I have a Azure Kubernetes Cluster with all pods and services in running state. The issue I have is when I do a curl from pod1 to the service url of pod2, it fails intermittently with a Unable to resolve host error.
To illustrate, I have 3 pods - pod1, pod2, pod3 When I get into pod1 using
kubectl exec -it pod1
and I run curl using service url of pod2 :
the command succeeds about every 6/10 times, the remaining 4/10 it fails with error "curl: (6) Could not resolve host:api-batchprocessing
".
When I tried calling another service running on pod3 using curl, I get the same issue.

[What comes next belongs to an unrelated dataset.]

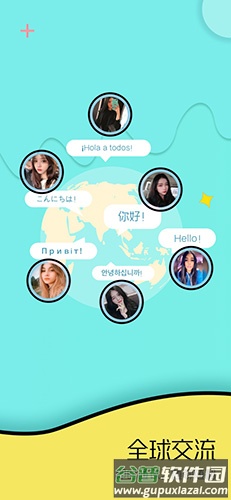 Togoo app截图1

I have tried below approaches without any success: - delete coredns pods in kube-system - delete and recreate azure kubernetes cluster. above seem to resolve it temporarily, but in few tries I get the same intermittent 'could not resolve host:' issue.
Any help/pointers on this issue will be much appreciated.
Problem may lay in DNS configuration. Looks like coredns uses the DNS server list in a differnt way that kube-dns did. If you have to resolve both public and private hostnames, always check only private DNS servers are on the list, or find the right configuration to route private DNS queries against your private premises.
Possible steps to find and get rid of problem:
The only thing you need is this YAML file:
apiVersion: v1
data:
log.override: |
log
kind: ConfigMap
metadata:
labels:
addonmanager.kubernetes.io/mode: EnsureExists
k8s-app: kube-dns
kubernetes.io/cluster-service: "true"
name: coredns-custom
namespace: kube-system
Use kubectl log or VSCode Kubernetes extension to open/review your coredns logs.
Attach to one of our environment pods and executed some DNS resolution actions, including nslookup and curl. Some of the executions where loop queries to put pressure on the DNS and networking components:
Review coredns the logs.
You will see before, curl is trying to resolve DNS by trying both A and AAAA entries, for all the search domains defined in our pods. In other words, to resolve "api-batchprocessing", curl is making DNS queries agains coredns. However, coredns is responding properly with an "NXDOMAIN" (no exist) or "NOERROR" (record found). So the problem is elsewhere.
Possible explanation to this random DNS resolution error is that, under high load scenarios, coredns is using on all the DNS servers defined at VNET level. Some queries were probably going to the on-prem servers. Others, to Google. Google doesn't know how to resolve your private hostnames.
Here you can find more information: random-dns-error.
I hope it helps.